In one embodiment, the granules increase pasture dry matter production by at least about 10, 15, 20, 25, 30, 35, 40, 45, 50, 55, 60, 65, 70, 75, 80, 85, 90, 95 or 100%, and useful ranges may be selected between any of these values (for example, about 10 to about 95, about 10 to about 90, about 10 to about 80, about 10 to about 70, about 10 to about 60, about 10 to about 55, about 10 to about 40, about 10 to about 30, about 10 to about 20, about 15 to about 90, about 15 to about 80, about 15 to about 60, about 15 to about 50, about 20 to about 100, about 20 to about 90, about 20 to about 85, about 20 to about 80, about 20 to about 75, about 20 to about 60, about 20 to about 55, about 20 to about 40, about 25 to about 100, about 25 to about 80, about 25 to about 75, about 25 to about 60, about 25 to about 55, about 25 to about 40, about 30 to about 100, about 30 to about 90, about 30 to about 80, about 30 to about 70, about 30 to about 60, about 30 to about 50, about 40 to about 100, about 40 to about 95, about 40 to about 85, about 40 to about 65, about 40 to about 60, about 40 to about 55, about 50 to about 100, about 50 to about 80, about 50 to about 70, about 50 to about 60, about 60 to about 100, about 60 to about 85, about 60 to about 75, about 75 to about 100, about 75 to about 80, about 85 to about 100, about 85 to about 90 or about 90 to about 100%).

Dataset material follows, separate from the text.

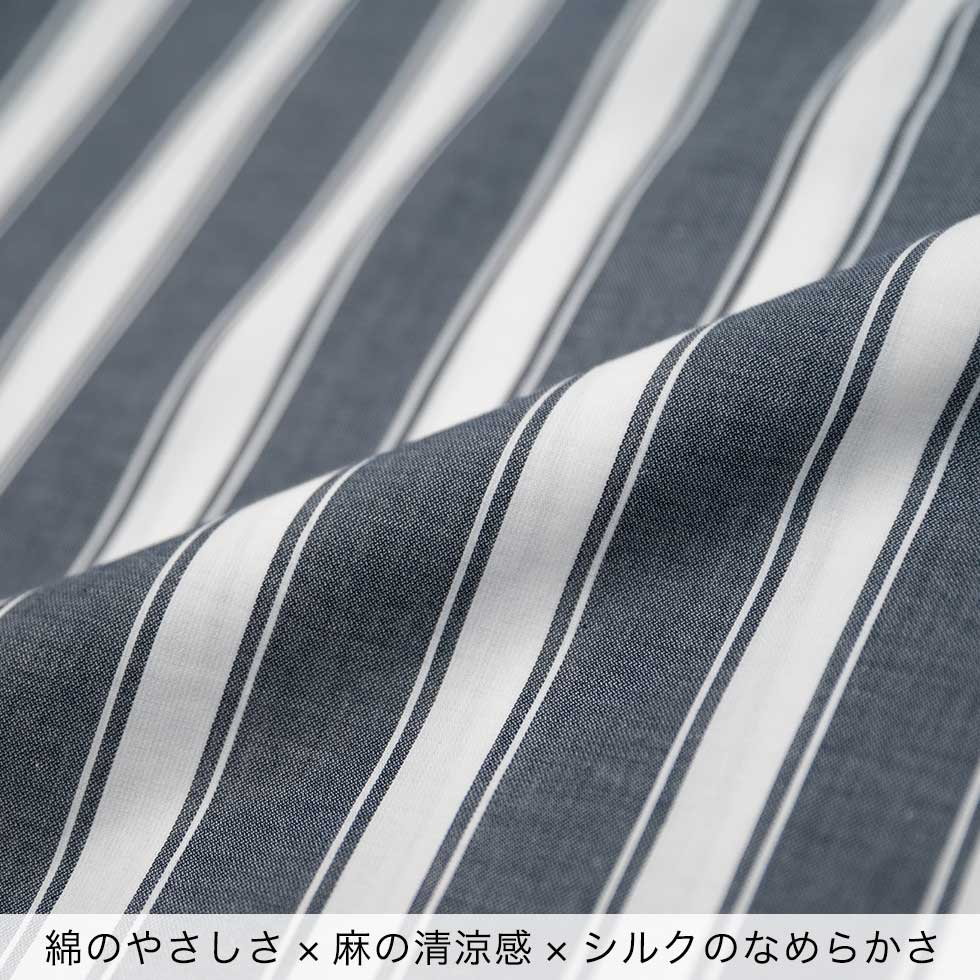 綿のやさしさ×麻の清涼感×シルクのなめらかさ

The granular fertiliser can be spread onto soil, pasture, crops, arable land in accordance with known application methods. For example, the granular fertiliser can be loaded into a vehicle mounted hopper and distributed onto the soil. Spraying, blowing and spinning are commonly used methods of distributing granular compositions, and spinner trucks and blower trucks, as are commonly used in the art, are convenient vehicles to distribute the compositions and granules of the invention. Application by side dressing could also be carried out. It should be appreciated that aerial spraying could also be used. In one embodiment the exemplary method of applying the granules or compositions of the invention is to spray or distribute the granules by handgun or commercial airblast, for example using air-drilling or other pneumatic techniques.

The granules could also be applied to the soil by subsurface application. Standard processes could be used as known in the art, such as drilling and air-drilling.

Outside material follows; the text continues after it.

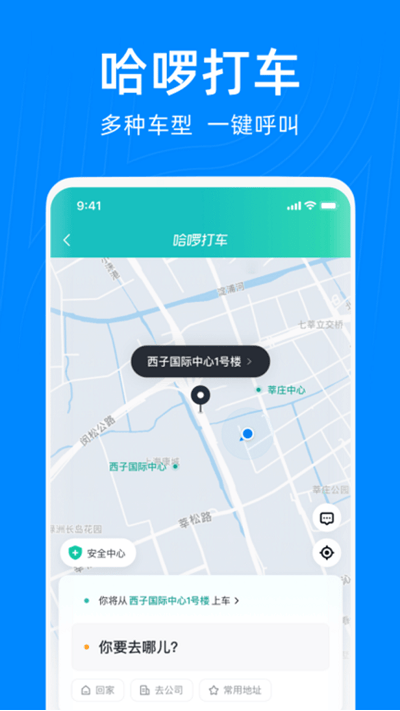 哈罗单车app免费版(改名哈罗)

In one embodiment application of irrigation water follows application of the plant hormone-coated urea granule to the soil. It should be appreciated that rain subsequent to the granular fertiliser soil application may also be sufficient to disperse the granular fertiliser into the soil.

5. Use of the Fertiliser Granule

The granules of the present invention are suitable for providing fertilizer to any plants, or to any locus in which a plant is or is to be grown. Application to agriculturally important plants, such as pasture, horticultural plants, flowers, cropping plants, such as vegetables including brassicas, cucubits, and legumes,cereals, fruits, etc, are particularly contemplated.

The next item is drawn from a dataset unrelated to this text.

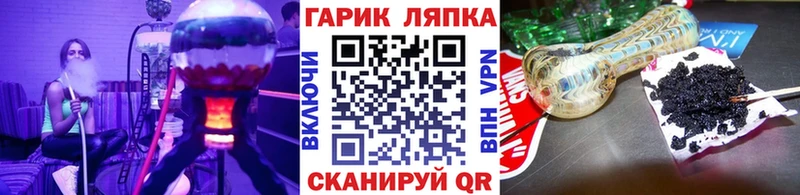 ГАШ hashish  закладки  Майский 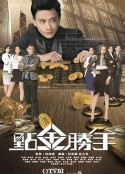 点金胜手2014封面图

Advantages of the fertiliser granule of the present invention include

• • ease of manufacture
  • ease of handling, and
  • ease of application.

In relation to the ease of manufacture, the manufacture of granules produces less dust compared to the manufacture of a powder.

The applicants believe, without wishing to be bound by any theory, that in comparison to a liquid formulation, the shelf life of a granule is improved, potentially around twice as long compared to a liquid formulation. Additionally, in terms of application, there is an advantage of granule application over liquid, at least in part because there is no need to transport water or large volumes of liquid.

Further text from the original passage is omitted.